__What the task asks__.
Copy, with no pictures, the line that contains "You can't have" and each line after it down to the end of the entries below, exactly.

__Records for this task__.
────────────────────

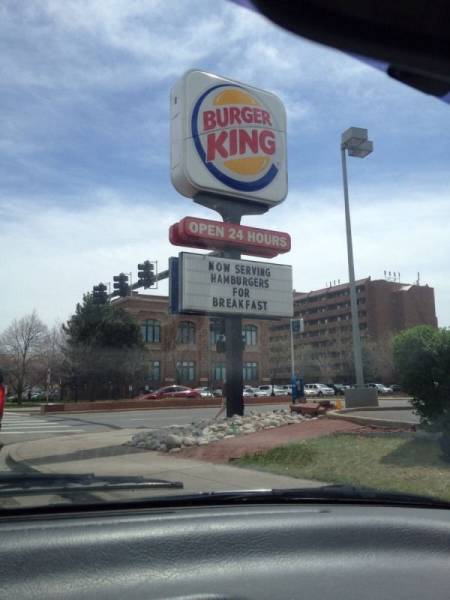 lane - Burger King Open 24 Hours Non Serving Hamburgers For Breakfast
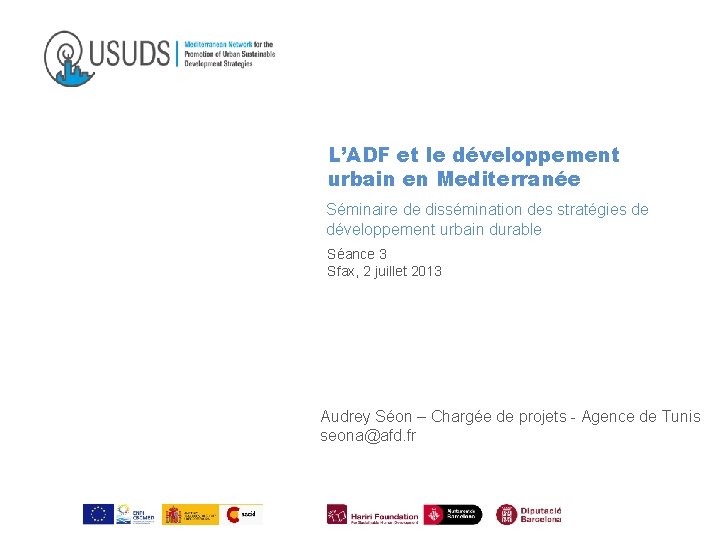 L’ADF et le développement urbain en Mediterranée Séminaire de dissémination des stratégies de développement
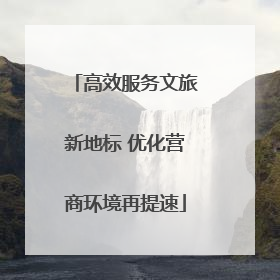 高效服务文旅新地标 优化营商环境再提速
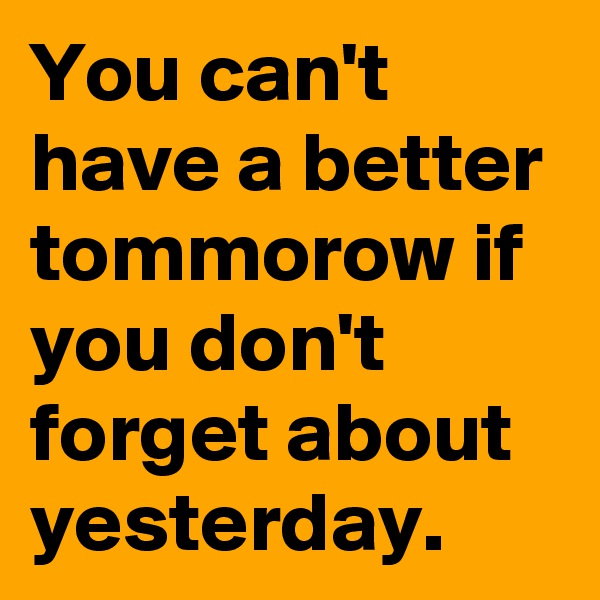 You can't have a better tommorow if you don't forget about yesterday.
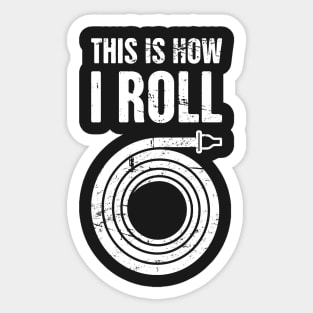 This Is How I Roll – Firefighter Hose Sticker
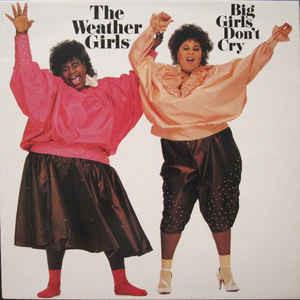 

LP Record WEATHER GIRLS - Big Girls Don t Cry FC39980 Columbia 1985 Canada Soul/Funk Used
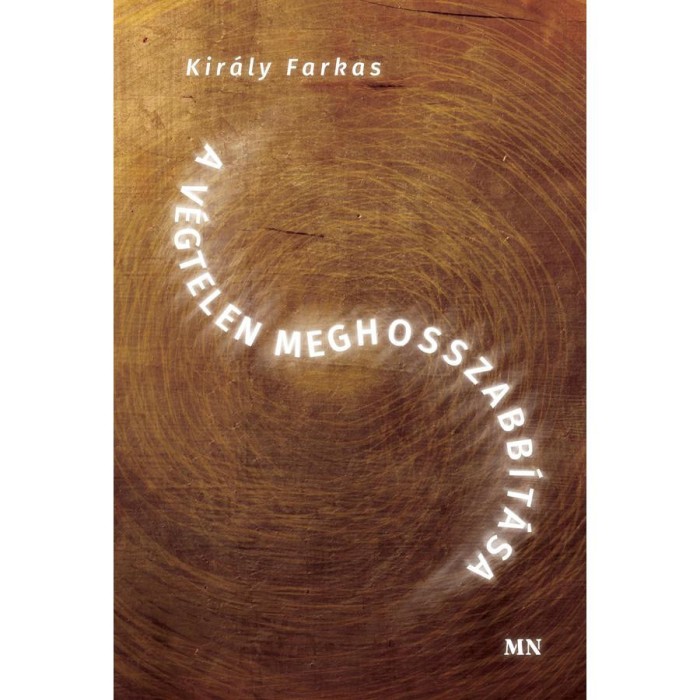 A v&eacute;gtelen meghosszabb&iacute;t&aacute;sa - Kir&aacute;ly Farkas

────────────────────

__Response for this exercise__.
 You can't have a better tommorow if you don't forget about yesterday.
 This Is How I Roll – Firefighter Hose Sticker

LP Record WEATHER GIRLS - Big Girls Don t Cry FC39980 Columbia 1985 Canada Soul/Funk Used
 A v&eacute;gtelen meghosszabb&iacute;t&aacute;sa - Kir&aacute;ly Farkas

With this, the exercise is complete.